Musicalement, les Mods sont d’abord attirés par le jazz moderne, puis par le rhythm and blues, la soul, le ska jamaïcain, la musique Motown. Rapidement, le rock britannique s’en empare. Des groupes comme The Who, The Small Faces, The Kinks ou The Action deviennent les héros de cette génération, souvent très jeunes, dansante et hyper stylée. Les Mods avaient un goût très pointu pour la musique. Certains allaient jusqu’à importer des 45 tours de soul américaine inconnus en Europe, qu’ils passaient ensuite dans les clubs. Leur exigence a posé les bases de ce qu’on appelle aujourd’hui le digging qui est la recherche obsessionnelle de pépites musicales rares. Dans les années 60, la BBC ne diffusait presque pas les morceaux préférés des Mods, jugés trop "ethniques" ou "populaires". Résultat, les Mods se sont tournés vers des radios pirates comme Radio Caroline, qui diffusaient depuis des bateaux en mer, hors des eaux territoriales. Une vraie guerre de fréquences, menée pour la musique !
Être Mod, c’est adopter une attitude hédoniste, exigeante, soignée, sans pour autant tomber dans la délinquance. Les Mods aiment la nuit, les clubs, les virées en scooter, les disquaires, les cafés chics, et les sons venus d’ailleurs. C’est une contre-culture chic, exigeante, souvent passionnée de modernité et d’esthétique. Un vrai Mod pouvait passer plus de 30 minutes à cirer ses chaussures avant de sortir. Pourquoi ? Parce que l’image que tu projetais, des pieds à la tête, définissait ton rang social dans le groupe. Des chaussures mal entretenues ? Tu risquais d’être considéré comme un "wannabe" ou un amateur. Certains Mods, obsédés par l’élégance, emportaient deux chemises pour une soirée : une pour danser, une propre pour rentrer. D'autres faisaient repasser leurs jeans après chaque port, pour qu’ils gardent la pliure parfaite. Être Mod, c’était une discipline quotidienne, pas juste une pose.

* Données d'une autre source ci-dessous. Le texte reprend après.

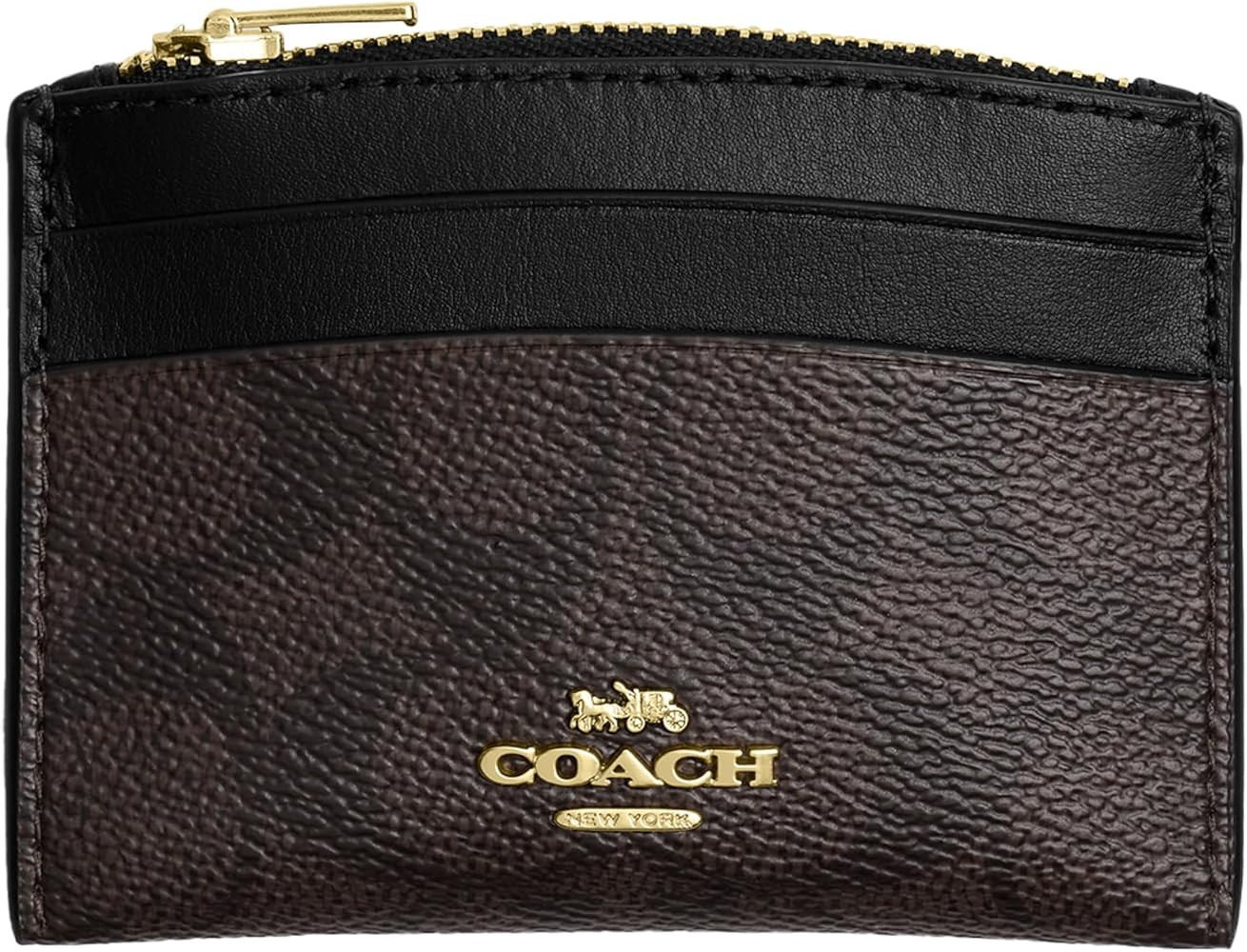 Coach Women's Shaped Card CASE, IM/Walnut/Black, One Size | Amazon (US)
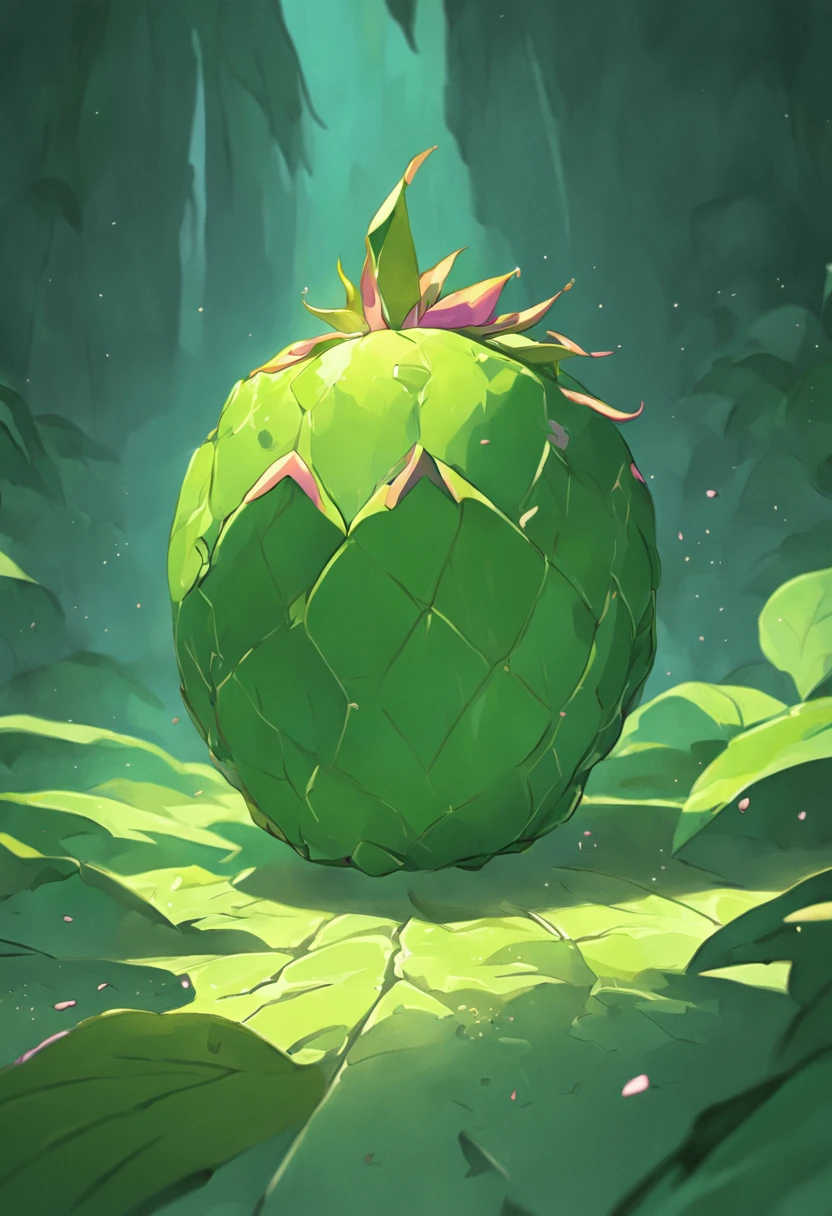 There is a picture of a purple and green object，green leaf, Mangosteen, rendered illustration, made with illustrator, 2 d render, dragonfruit, arte renderizada, Stylized digital illustration, 2. 5 d illus, stylized as a 3d render, digital painted, arte de fundo, a digital rendering, full-colour illustration, designed in blender, 2D illustration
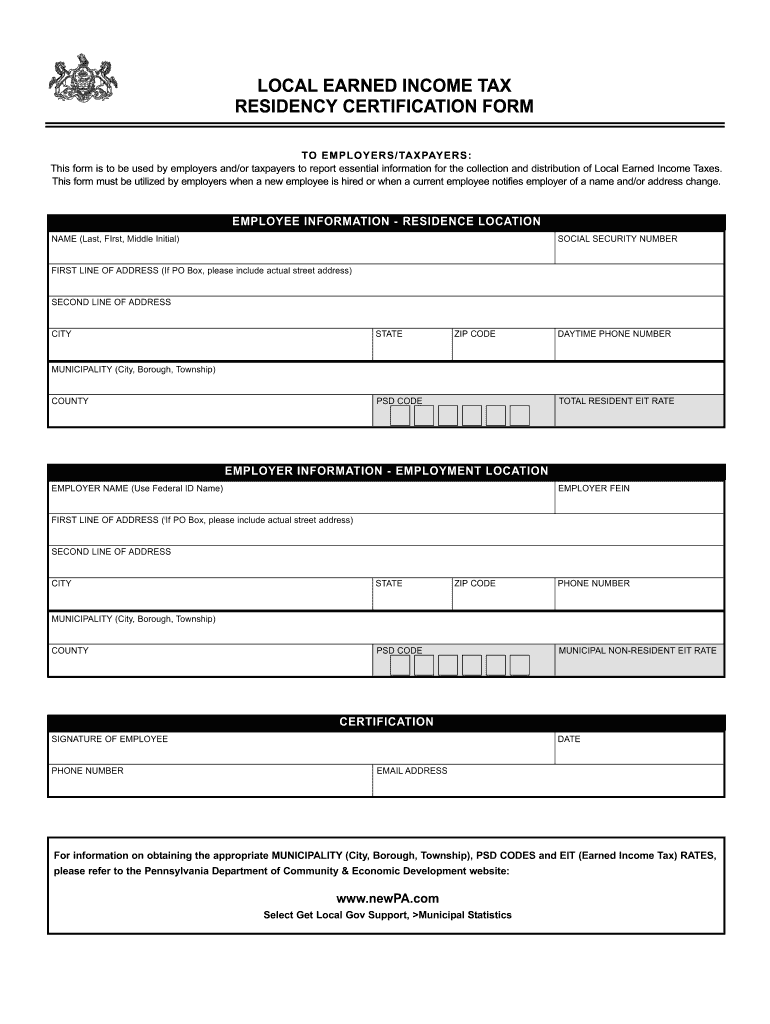 Residency Certification Form Fill Out And Sign Printable PDF Template 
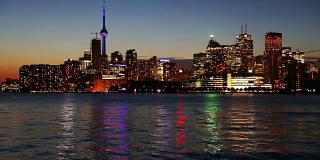 多伦多金融区城市夜景照明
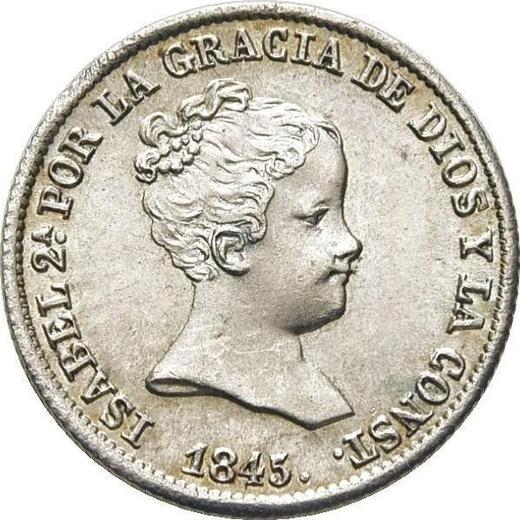 Avers 1 Real 1845 M CL - Silbermünze Wert - Spanien, Isabella II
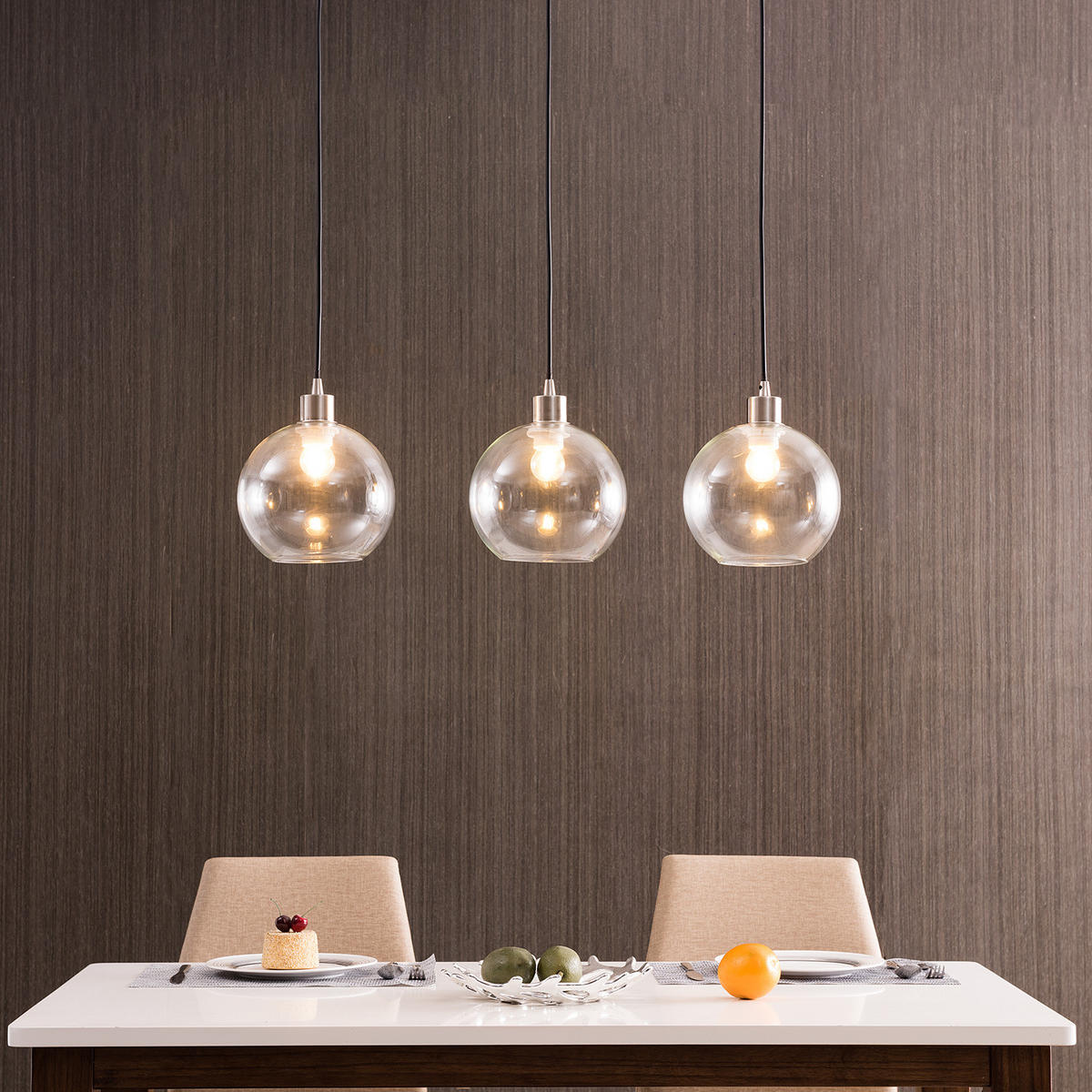 PENDELLEUCHTE - Glas / Eisen - 3-flammig - Silberfarben, Glas/Metall (20/70/150cm) - home24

Le mouvement connaîtra un revival dans les années 70-80 avec The Jam et Paul Weller comme figures de proue.
Le film "Quadrophenia" (1979), inspiré par l’album des Who, est sans doute le plus bel hommage à cette culture. Depuis, le style Mod a influencé des générations de stylistes, musiciens et artistes. Il plane encore aujourd’hui dans certains courants de la pop britannique, du streetwear rétro ou des scooters clubs passionnés.